Consider the preclinical evidence for a novel intranasal BVDV vaccine in calves, noting it is early and requires further validation.

This is a preclinical study in calves evaluating an intranasal immunization with a cocktail of recombinant BPI3VcmutBVDV viruses compared to a commercial vaccine. The primary focus was the elicitation of strong serum antibodies and virus-neutralizing titers against BVDV-1 and -2 viruses.

The authors report that IgG responses against BVDV-1b CA0401186a were stronger than the commercial vaccine (p=0.0031), as were responses against BVDV-1b TGAC (p=0.0002).
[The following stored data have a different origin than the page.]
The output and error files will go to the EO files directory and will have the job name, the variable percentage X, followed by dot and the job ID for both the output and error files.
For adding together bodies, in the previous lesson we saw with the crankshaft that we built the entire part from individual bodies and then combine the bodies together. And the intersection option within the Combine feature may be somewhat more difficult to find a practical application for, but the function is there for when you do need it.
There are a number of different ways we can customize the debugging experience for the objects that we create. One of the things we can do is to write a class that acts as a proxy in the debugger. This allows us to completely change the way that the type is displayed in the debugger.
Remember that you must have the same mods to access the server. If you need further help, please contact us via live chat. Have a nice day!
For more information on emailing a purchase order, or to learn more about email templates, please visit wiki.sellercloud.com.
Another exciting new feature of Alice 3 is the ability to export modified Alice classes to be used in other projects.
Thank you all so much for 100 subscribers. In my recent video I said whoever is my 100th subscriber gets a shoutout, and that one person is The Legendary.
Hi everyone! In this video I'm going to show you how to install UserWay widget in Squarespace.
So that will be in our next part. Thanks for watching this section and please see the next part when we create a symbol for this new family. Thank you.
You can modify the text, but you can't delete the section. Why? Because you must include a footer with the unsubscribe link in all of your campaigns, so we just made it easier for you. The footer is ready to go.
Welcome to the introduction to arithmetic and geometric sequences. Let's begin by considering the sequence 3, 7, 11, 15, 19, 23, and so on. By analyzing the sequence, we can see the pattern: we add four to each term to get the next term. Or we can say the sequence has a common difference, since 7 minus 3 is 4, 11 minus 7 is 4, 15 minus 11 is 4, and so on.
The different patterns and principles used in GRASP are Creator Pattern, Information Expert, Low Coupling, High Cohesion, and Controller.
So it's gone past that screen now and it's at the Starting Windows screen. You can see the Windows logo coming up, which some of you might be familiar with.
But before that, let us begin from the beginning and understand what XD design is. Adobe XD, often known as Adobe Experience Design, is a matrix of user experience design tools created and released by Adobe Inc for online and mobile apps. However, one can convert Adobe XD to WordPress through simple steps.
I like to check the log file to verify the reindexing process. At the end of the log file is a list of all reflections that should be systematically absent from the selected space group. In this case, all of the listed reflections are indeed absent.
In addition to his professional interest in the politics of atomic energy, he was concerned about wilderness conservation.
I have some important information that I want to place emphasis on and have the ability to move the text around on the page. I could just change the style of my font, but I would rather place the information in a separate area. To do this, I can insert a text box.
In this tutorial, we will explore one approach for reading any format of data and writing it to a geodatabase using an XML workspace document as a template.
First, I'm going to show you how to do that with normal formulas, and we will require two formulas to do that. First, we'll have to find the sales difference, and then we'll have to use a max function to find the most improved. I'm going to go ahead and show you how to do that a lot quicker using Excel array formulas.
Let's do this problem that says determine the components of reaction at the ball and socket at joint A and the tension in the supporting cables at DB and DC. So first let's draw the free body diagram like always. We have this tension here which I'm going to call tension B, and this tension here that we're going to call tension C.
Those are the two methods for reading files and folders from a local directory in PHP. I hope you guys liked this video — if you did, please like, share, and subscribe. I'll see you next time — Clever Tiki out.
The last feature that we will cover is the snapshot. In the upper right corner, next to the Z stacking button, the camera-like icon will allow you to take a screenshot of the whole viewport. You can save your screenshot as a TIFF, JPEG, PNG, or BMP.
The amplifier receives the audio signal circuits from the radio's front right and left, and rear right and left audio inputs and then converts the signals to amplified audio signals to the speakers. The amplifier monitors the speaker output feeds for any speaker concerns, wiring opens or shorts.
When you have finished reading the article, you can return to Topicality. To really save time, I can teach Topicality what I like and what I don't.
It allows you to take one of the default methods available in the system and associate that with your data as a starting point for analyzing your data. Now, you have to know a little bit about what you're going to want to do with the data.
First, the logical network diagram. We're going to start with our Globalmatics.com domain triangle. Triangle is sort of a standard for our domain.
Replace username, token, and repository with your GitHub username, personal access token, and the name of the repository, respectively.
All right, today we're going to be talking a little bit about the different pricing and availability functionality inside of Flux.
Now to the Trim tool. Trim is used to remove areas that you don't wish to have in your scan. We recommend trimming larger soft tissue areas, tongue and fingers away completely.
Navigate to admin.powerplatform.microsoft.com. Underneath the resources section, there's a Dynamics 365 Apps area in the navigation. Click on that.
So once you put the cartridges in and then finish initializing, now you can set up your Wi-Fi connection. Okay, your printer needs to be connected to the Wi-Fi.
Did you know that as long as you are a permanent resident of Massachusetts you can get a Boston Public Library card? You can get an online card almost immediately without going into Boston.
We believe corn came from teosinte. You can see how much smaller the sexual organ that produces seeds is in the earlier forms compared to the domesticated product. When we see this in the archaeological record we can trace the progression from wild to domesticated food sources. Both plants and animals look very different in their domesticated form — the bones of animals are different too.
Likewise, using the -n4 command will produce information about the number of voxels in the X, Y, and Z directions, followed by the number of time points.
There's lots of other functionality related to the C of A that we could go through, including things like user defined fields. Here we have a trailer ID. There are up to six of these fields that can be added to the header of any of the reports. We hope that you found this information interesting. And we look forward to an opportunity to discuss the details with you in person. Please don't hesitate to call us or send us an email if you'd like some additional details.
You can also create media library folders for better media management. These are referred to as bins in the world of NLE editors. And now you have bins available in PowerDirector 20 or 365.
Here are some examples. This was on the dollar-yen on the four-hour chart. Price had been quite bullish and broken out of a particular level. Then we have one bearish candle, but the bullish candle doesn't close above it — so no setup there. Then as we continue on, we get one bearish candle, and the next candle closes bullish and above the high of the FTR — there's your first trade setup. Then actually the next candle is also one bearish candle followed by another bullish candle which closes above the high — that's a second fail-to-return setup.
Virus-neutralizing titers against several BVDV-2a strains were also significantly higher, including strain 296NC (p=0.0006), strain 890 (p=0.0020), strain 296C (p=0.0464), strain A125 (p=0.0018), and strain 1373 (p=0.0025).

Secondary outcomes upon challenge with BVDV-1b CA0401186a included steady weight gain, less decrease in lymphocyte counts, lower viremia, and fewer gross lesions compared to the commercial vaccine. No effect sizes, absolute numbers, or follow-up durations were reported.

The authors note that this work supports the use of the live-attenuated BPI3Vc-vector for developing contemporary broadly protective BVDV vaccines. Limitations of the preclinical design, such as the lack of reported sample size, setting, or safety data, were not detailed in the source. Practice relevance is restrained to vaccine development support.

Study Details

Study typeGuideline

EvidenceLevel 5

PublishedMay 2026

View Original Abstract ↓

Bovine Viral Diarrhea Virus (BVDV) is a key contributor to the development of Bovine Respiratory Disease complex, which can cause respiratory disease, congenital defects, severe diarrhea, immunosuppression, abortion, or birth of persistently infected calves. Current commercial vaccines are formulated using strains from BVDV-1a and BVDV-2a, conferring protection against some, but not all, homologous species and low neutralization titers against heterologous and emergent species. This study aimed to develop a live vaccine capable of inducing broad protection against diverse BVDV strains. A contemporary live-attenuated BPI3Vc-vectored BVDV prototype vaccine was developed. Novel chimeric BVDV E2-NS2-51–2 antigens, designed based on the consensus of all BVDV-1a, -1b, -2a, -2b, and -2c protein sequences, were used to generate recombinant BPI3VcmutantE2-NS2-51–2 viruses. The recombinant viruses expressed all the ~5kb encoded transgenes, replicated efficiently, remained genetically stable over nine passages in vitro, and displayed the E2 ectodomain on the surface of infected cells. Intranasal immunization of calves with a cocktail of these recombinant viruses, designated rBPI3VcmutBVDV, elicited strong serum antibodies against BVDV-1 and -2 viruses compared to a commercial vaccine. Notably, vaccination elicited stronger IgG responses against BVDV-1b CA0401186a and TGAC, with significantly higher virus-neutralizing titers than the commercial vaccine (CA0401186a: p=0.0031; TGAC: p=0.0002). Immunized calves also elicited significantly higher VN titers against BVDV-2a strains 296NC (p=0.0006), 890 (p=0.0020), 296C (p=0.0464), A125 (p=0.0018), and 1373 (p=0.0025). Upon challenge with BVDV-1b CA0401186a, the rBPI3VcmutBVDV vaccinees exhibited a steady weight gain, less decrease in lymphocyte counts, lower viremia, and fewer gross lesions. This data supports use of the live-attenuated BPI3Vc-vector for development of contemporary broadly protective BVDV vaccines that can easily be upgraded for improved disease management and cattle productivity.